TASK INSTRUCTIONS — In the material below, find the line with "Breathable Adjustable Strap" and the line with "Sterling Silver Mothers". Output exactly those two lines and all lines between them, leaving out pictures.

DATA SUPPLIED —
★ ★ ★ ★ ★ ★ ★

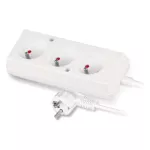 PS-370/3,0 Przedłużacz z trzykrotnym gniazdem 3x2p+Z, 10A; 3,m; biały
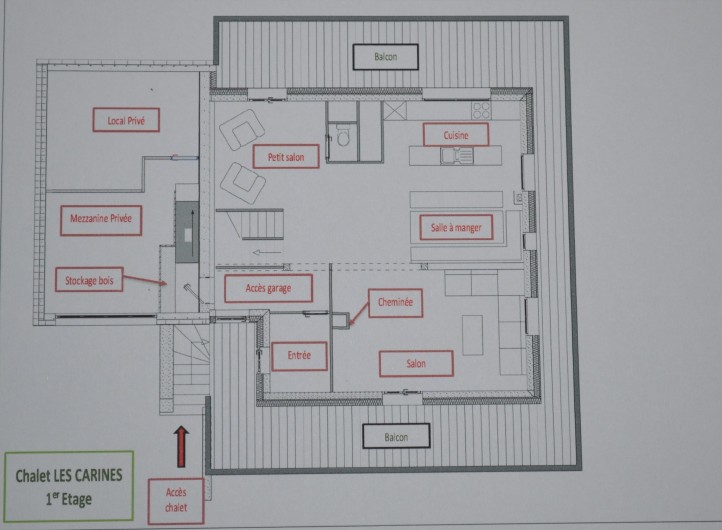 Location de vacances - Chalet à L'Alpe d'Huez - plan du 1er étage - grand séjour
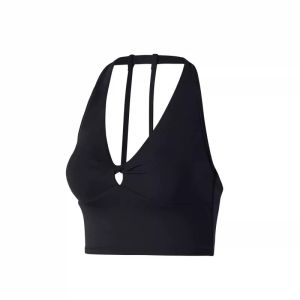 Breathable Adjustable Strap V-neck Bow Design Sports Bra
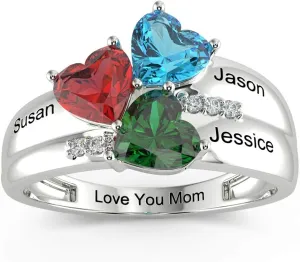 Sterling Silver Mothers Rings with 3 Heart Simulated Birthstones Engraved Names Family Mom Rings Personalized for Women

★ ★ ★ ★ ★ ★ ★

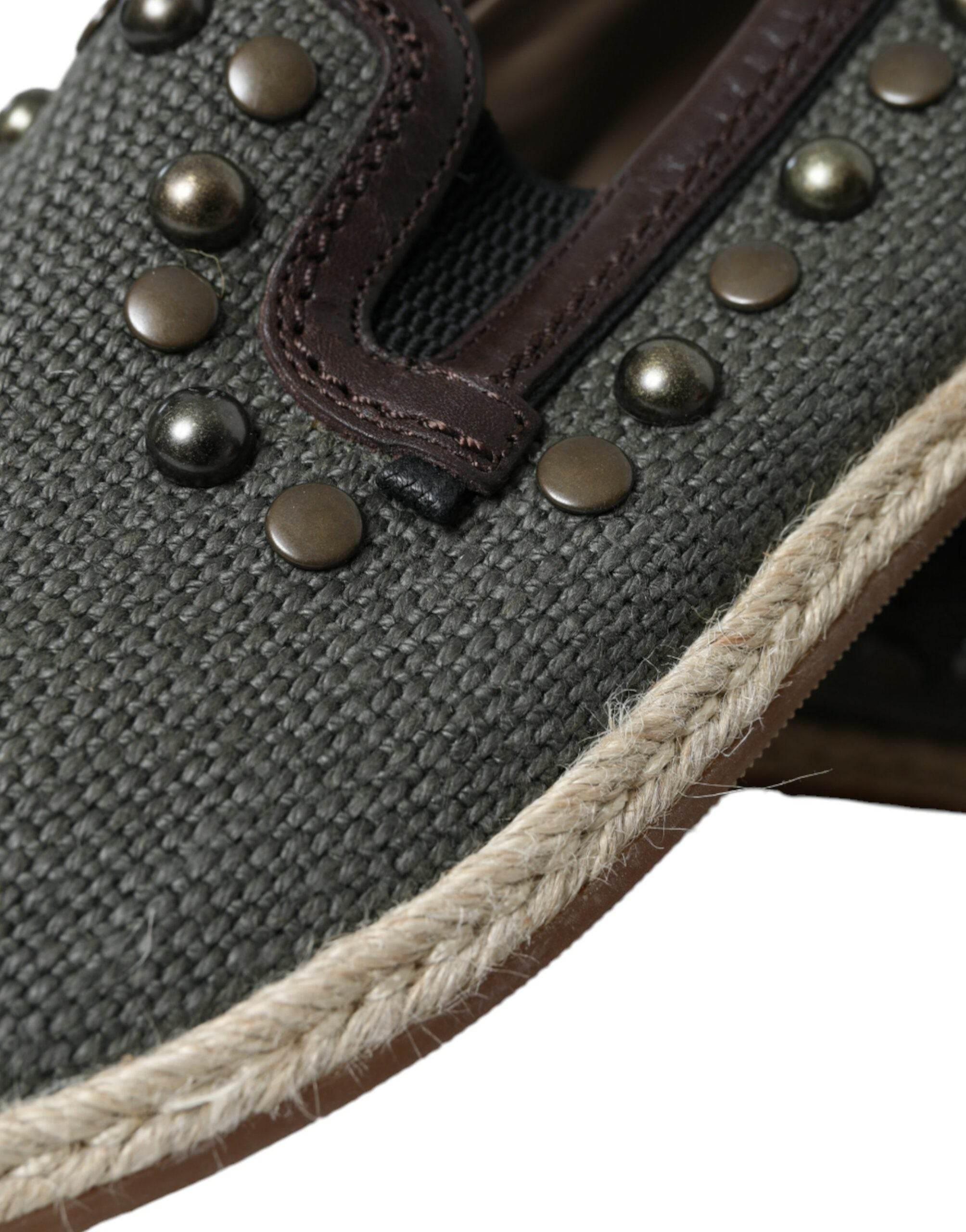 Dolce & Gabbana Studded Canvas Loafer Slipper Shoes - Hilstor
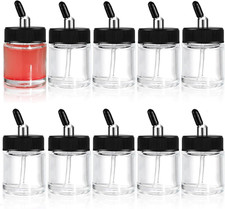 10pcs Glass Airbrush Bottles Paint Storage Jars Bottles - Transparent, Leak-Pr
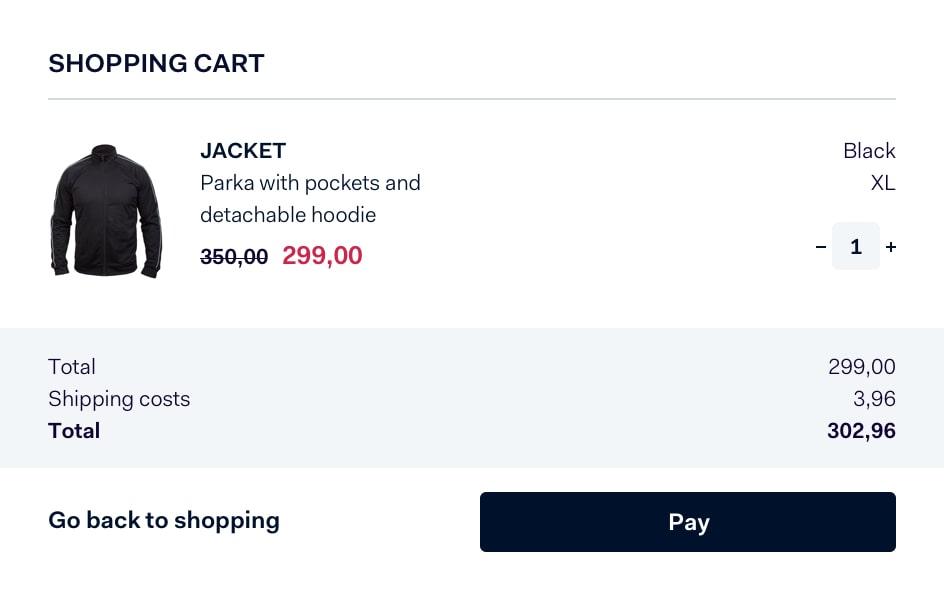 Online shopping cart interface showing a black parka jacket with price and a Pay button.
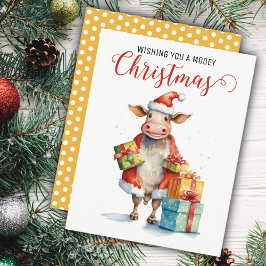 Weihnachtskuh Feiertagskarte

★ ★ ★ ★ ★ ★ ★

OUTPUT —
 Breathable Adjustable Strap V-neck Bow Design Sports Bra
 Sterling Silver Mothers Rings with 3 Heart Simulated Birthstones Engraved Names Family Mom Rings Personalized for Women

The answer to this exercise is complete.